Friday, October 12, 2012
Multi-Media, October 12, 2012
[PUBLISHER'S NOTE: This is a new weekly column where we will be reviewing theatre and theatre discussion translated to other media: books, playscripts, recordings, television broadcasts, DVDs etc.]
The Phenomenon that is Tig
In 30 minutes, your perceptions of performance (and life) will change
by Gaëtan L. Charlebois
He was standing offstage and minutes later everything was different. That is how one of the finest comics in the world, Louis CK, described what he saw and heard when Tig Notaro walked onto the stage. "What followed was one of the greatest standup performances I ever saw. I can't really describe it but I was crying and laughing and listening like never in my life." After the performance he asked the club manager if he had recorded the set, found it had been and was, in fact, well-recorded. Then CK decided the world needed to hear Notaro's half-hour. He put it up as a $5 download on his website louisck.net and told everyone to listen.
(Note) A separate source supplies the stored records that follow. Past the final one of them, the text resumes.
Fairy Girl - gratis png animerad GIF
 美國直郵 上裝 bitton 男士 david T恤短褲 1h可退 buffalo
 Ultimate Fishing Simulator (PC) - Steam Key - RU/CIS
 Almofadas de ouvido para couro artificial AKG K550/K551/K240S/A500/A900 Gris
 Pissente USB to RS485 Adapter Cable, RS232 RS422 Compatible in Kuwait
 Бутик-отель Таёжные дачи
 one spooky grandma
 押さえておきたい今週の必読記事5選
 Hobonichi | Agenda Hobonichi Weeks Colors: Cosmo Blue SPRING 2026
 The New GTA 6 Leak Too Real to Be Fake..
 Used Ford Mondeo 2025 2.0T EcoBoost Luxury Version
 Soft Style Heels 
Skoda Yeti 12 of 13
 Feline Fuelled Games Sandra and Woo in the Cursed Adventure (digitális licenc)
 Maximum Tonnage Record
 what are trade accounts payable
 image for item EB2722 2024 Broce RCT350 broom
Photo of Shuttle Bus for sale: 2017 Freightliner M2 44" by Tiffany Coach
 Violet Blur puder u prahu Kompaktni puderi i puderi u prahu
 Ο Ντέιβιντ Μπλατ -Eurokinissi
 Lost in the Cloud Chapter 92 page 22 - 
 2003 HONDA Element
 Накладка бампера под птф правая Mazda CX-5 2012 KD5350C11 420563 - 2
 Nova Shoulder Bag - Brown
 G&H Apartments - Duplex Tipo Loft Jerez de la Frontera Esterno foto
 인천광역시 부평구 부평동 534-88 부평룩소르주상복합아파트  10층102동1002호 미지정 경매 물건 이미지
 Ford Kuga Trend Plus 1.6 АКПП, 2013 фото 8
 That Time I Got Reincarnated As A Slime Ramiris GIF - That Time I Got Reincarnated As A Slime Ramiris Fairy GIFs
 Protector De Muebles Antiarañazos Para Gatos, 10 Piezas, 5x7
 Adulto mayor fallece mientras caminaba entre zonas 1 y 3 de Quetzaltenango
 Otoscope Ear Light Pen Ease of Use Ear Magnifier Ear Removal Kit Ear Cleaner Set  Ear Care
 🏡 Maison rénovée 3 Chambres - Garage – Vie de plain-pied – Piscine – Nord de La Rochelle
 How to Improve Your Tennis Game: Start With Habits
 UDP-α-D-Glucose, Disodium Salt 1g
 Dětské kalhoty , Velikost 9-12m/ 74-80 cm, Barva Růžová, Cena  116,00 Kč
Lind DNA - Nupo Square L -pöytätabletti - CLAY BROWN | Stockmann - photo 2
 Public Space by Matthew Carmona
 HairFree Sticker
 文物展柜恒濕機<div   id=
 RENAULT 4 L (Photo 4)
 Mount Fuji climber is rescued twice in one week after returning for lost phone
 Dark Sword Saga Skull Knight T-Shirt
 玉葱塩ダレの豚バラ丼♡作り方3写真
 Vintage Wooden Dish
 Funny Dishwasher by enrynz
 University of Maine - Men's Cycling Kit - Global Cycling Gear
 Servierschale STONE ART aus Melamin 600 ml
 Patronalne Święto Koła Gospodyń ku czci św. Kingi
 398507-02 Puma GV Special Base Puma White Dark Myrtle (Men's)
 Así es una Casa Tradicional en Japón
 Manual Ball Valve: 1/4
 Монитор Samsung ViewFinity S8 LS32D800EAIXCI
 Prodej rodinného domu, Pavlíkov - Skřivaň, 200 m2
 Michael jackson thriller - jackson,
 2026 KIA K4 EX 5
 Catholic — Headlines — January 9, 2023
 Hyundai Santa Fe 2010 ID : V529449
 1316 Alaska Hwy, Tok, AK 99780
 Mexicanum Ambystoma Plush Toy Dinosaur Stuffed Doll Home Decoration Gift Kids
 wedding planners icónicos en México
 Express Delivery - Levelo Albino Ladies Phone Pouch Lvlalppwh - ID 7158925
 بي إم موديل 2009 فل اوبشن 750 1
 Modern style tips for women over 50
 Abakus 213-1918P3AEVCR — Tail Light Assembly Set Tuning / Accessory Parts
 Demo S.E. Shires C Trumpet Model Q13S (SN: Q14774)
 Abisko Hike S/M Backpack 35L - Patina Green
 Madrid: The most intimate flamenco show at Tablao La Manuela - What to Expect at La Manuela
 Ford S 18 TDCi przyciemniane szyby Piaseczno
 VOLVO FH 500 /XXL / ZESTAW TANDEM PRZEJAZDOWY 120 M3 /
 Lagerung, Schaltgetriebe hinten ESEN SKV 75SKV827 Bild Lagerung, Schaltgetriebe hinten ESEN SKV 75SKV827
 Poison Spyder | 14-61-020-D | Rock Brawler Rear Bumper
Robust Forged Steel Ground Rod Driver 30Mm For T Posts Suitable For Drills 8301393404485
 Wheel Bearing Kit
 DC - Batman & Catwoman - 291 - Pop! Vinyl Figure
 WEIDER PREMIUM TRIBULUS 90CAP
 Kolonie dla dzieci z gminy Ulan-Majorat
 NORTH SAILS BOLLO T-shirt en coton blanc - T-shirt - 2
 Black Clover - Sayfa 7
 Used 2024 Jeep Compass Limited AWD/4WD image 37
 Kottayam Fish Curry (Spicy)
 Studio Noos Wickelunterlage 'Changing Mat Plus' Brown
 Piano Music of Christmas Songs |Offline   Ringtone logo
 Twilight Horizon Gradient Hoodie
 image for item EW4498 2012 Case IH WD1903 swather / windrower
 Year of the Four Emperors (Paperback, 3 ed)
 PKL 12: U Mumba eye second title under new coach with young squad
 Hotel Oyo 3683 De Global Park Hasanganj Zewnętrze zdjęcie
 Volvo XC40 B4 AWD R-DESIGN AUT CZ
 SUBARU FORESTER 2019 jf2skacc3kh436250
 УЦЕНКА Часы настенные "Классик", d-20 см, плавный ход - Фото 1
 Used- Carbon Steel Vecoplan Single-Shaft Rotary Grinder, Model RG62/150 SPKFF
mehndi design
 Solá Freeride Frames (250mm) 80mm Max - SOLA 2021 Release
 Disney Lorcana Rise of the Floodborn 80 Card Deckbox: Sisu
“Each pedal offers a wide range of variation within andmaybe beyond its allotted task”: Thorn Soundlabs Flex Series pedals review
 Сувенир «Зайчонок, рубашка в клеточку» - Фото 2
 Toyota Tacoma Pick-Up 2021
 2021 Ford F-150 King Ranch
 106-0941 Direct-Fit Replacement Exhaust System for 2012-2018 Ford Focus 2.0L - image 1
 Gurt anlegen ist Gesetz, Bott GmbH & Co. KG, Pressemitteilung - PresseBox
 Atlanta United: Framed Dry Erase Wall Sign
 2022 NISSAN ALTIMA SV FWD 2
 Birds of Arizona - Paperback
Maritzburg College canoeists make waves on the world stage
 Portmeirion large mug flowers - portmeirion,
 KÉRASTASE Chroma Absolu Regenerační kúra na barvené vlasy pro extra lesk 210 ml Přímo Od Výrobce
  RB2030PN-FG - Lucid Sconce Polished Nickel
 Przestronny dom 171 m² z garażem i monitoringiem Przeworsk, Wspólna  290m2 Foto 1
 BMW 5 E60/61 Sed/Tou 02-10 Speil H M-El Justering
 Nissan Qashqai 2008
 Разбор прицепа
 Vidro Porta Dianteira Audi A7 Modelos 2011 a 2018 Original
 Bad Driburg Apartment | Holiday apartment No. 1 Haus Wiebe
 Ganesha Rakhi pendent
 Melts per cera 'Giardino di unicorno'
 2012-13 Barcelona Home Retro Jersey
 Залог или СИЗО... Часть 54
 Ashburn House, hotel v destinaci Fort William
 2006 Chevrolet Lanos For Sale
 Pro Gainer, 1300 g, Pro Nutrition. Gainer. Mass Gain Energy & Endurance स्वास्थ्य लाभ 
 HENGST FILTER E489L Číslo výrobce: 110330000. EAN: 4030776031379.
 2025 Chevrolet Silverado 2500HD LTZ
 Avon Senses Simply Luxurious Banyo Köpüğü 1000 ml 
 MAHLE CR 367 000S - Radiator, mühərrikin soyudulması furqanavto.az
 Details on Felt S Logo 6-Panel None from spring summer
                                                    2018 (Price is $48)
And I am telling you as well: you must listen to Tig Notaro Live.
Before I tell you what Notaro says, let me say, firstly, that she was, even before this recording, a pretty solid comic. Her delivery is lowkey, deadpan - almost dead-on-arrival. She did lazy/hilarious imitations, she told stories that went on for years - like a true tale of how she would run into singer Taylor Dayne over and over and over again. She had a connection with her audience that was easy and loose.
What happens in this recording is still Notaro but she takes her relationship with the audience to a place I've never seen. It is both a horrifying and hilarious place and her audience flows with her and you can hear them laughing, gasping and - quite simply - loving her. Not loving her as a crowd loves a performer, but loving her as empathetic humans love someone living a tragedy.
Notaro begins by saying that she has cancer. Is it a bit? The audience laughs nervously. It is not a bit. For the next 30 minutes you find out that a cancer diagnosis is maybe the least of the shitstorm she is living. But there is humour, and laughter and an audience that immediately understands that - with the comic - they are walking a highwire.
It never veers from pathos to bathos. It never falls from performance to self-pity. It is pure and new and you will probably never hear anything like it again.